Work item:
In your copy, the records appear word for word and the pictures do not appear at all.

Data for this exercise:
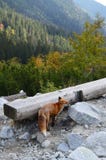 Röd räv som inte är rädd av folk på fotvandra slinga i höga Tatras, Slovakien royaltyfri foto Röd räv som inte är rädd av folk på fotvandra slinga i höga Tatras, Slovakien royaltyfri foto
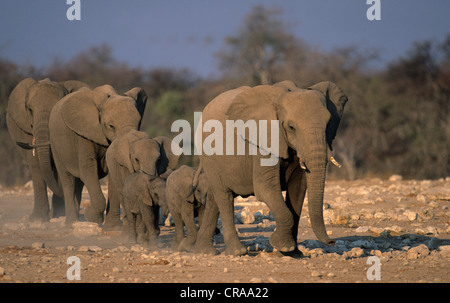 Afrikanischer Elefant (loxodonta Africana), Herde nähern Wasserloch, Etosha National Park, Namibia, Afrika Stockfoto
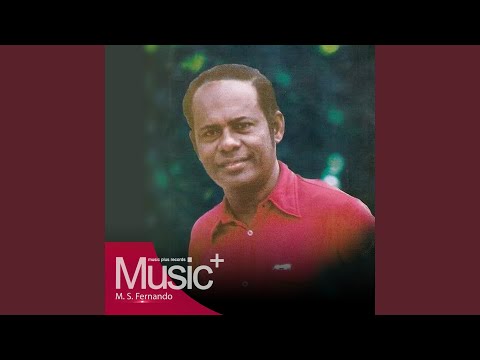 Samaru Pothe Pitu Gelavi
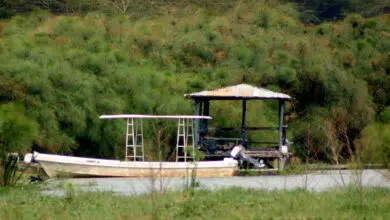 lake-naivasha-boat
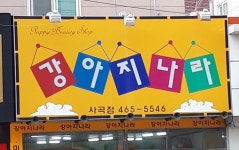 강아지나라 사곡점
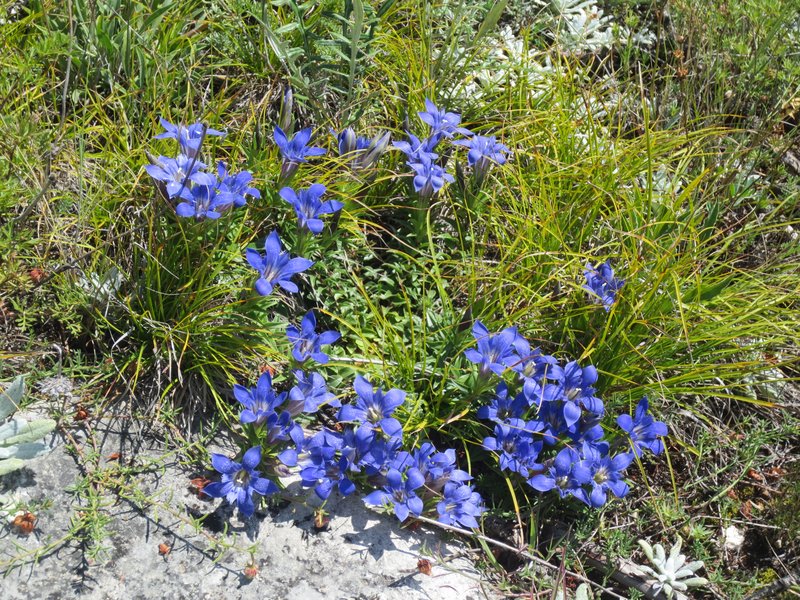 Gentiana grossheimii Doluch. Gunib plateau, Republic of Dagestan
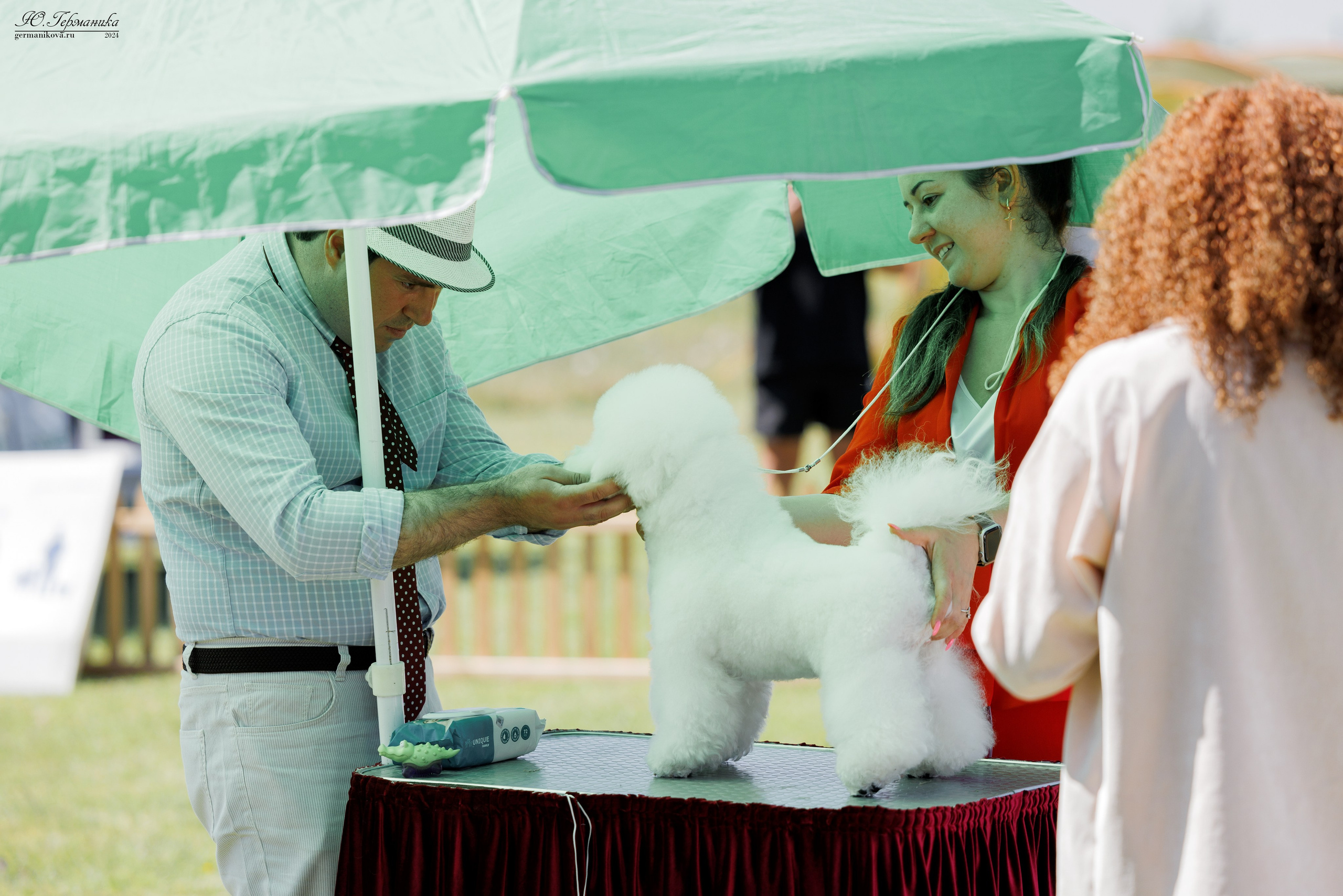 Ереван 3-5.06.2024. Фотограф-анималист Юлия Германика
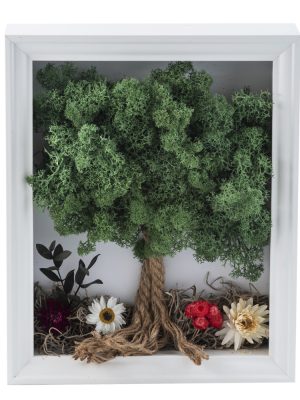 018_arbol_frontal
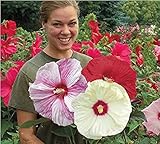 100 Riesen-Hibiskus-Blumensamen, Mischungs-Farbe, DIY Hausgarten vergossen oder Hof Blume Pflanze,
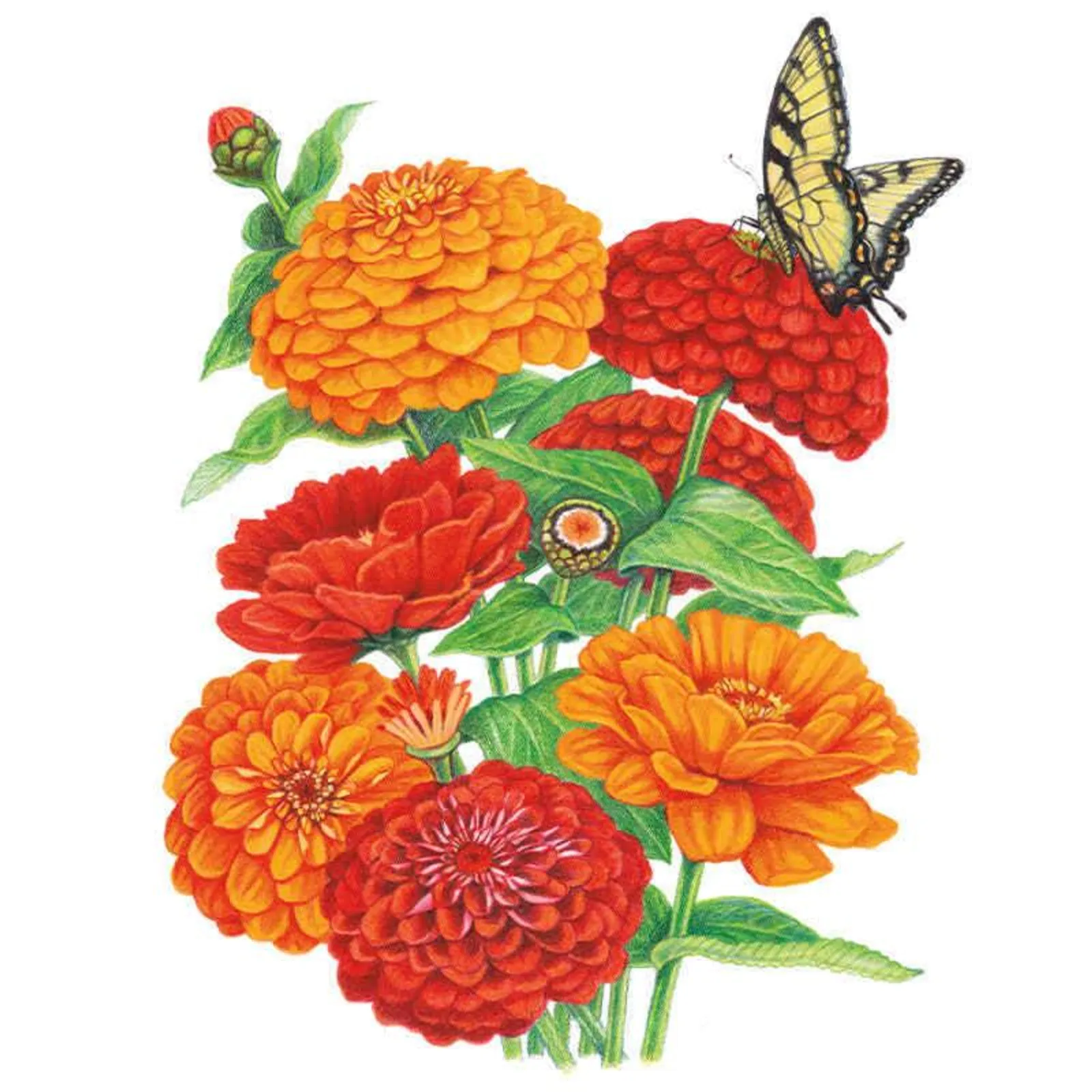 Fireball Blend Zinnia
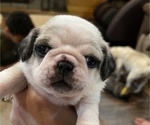 Small Photo #4 Pug Puppy For Sale in NEW LONDON, OH, USA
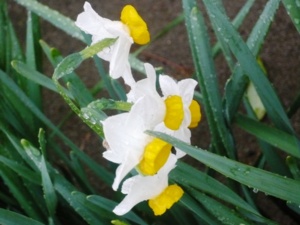 f:id:miyasun:20090203084224j:image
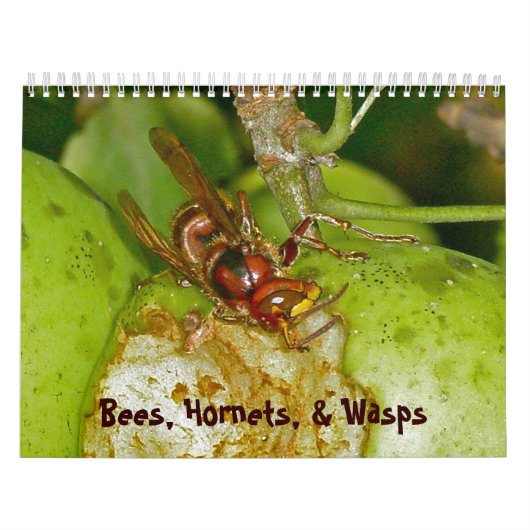 Kalender - Bijen, hoornaars en wespen (Hoes)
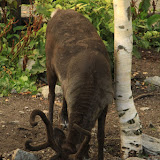 Rentiere. Stockholm - 3 Tag 309.jpg
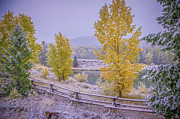 Gros Ventre Grand Teton Fall Snowfall Photograph by Scott McGuire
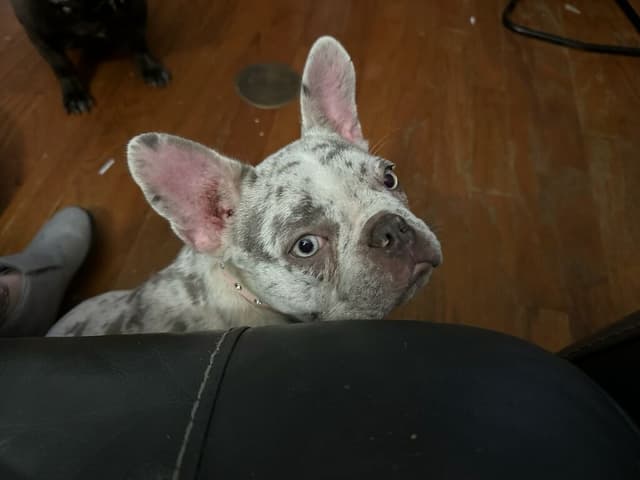 French Bulldog Teens, AKC media 5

Output:
 Röd räv som inte är rädd av folk på fotvandra slinga i höga Tatras, Slovakien royaltyfri foto Röd räv som inte är rädd av folk på fotvandra slinga i höga Tatras, Slovakien royaltyfri foto
 Afrikanischer Elefant (loxodonta Africana), Herde nähern Wasserloch, Etosha National Park, Namibia, Afrika Stockfoto
 Samaru Pothe Pitu Gelavi
 lake-naivasha-boat
 강아지나라 사곡점
 Gentiana grossheimii Doluch. Gunib plateau, Republic of Dagestan
 Ереван 3-5.06.2024. Фотограф-анималист Юлия Германика
 018_arbol_frontal
 100 Riesen-Hibiskus-Blumensamen, Mischungs-Farbe, DIY Hausgarten vergossen oder Hof Blume Pflanze,
 Fireball Blend Zinnia
 Small Photo #4 Pug Puppy For Sale in NEW LONDON, OH, USA
 f:id:miyasun:20090203084224j:image
 Kalender - Bijen, hoornaars en wespen (Hoes)
 Rentiere. Stockholm - 3 Tag 309.jpg
 Gros Ventre Grand Teton Fall Snowfall Photograph by Scott McGuire
 French Bulldog Teens, AKC media 5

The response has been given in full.